Fast Global Convergence for Low-rank Matrix Recovery via Riemannian Gradient Descent with Random Initialization
This work provides a theoretical understanding of the global convergence properties of Riemannian gradient descent for low-rank matrix recovery, which is important for researchers and practitioners using these optimization methods.
This paper proposes a new global analysis framework for low-rank matrix recovery problems using Riemannian gradient descent on a least squares loss function. The authors show that with random initialization, the algorithm avoids spurious critical points and converges to the ground truth in nearly linear time, specifically in O(log(1/ε) + log(n)) iterations for an ε-accurate solution.

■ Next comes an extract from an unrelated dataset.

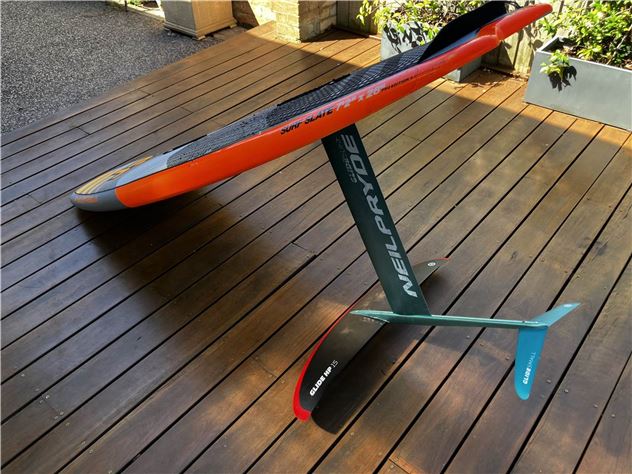 2016 JP Australia Slate 7'2" - 5 metre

In this paper, we propose a new global analysis framework for a class of low-rank matrix recovery problems on the Riemannian manifold. We analyze the global behavior for the Riemannian optimization with random initialization. We use the Riemannian gradient descent algorithm to minimize a least squares loss function, and study the asymptotic behavior as well as the exact convergence rate. We reveal a previously unknown geometric property of the low-rank matrix manifold, which is the existence of spurious critical points for the simple least squares function on the manifold. We show that under some assumptions, the Riemannian gradient descent starting from a random initialization with high probability avoids these spurious critical points and only converges to the ground truth in nearly linear convergence rate, i.e. $\mathcal{O}(\text{log}(\frac{1}ε)+ \text{log}(n))$ iterations to reach an $ε$-accurate solution. We use two applications as examples for our global analysis. The first one is a rank-1 matrix recovery problem. The second one is a generalization of the Gaussian phase retrieval problem. It only satisfies the weak isometry property, but has behavior similar to that of the first one except for an extra saddle set. Our convergence guarantee is nearly optimal and almost dimension-free, which fully explains the numerical observations. The global analysis can be potentially extended to other data problems with random measurement structures and empirical least squares loss functions.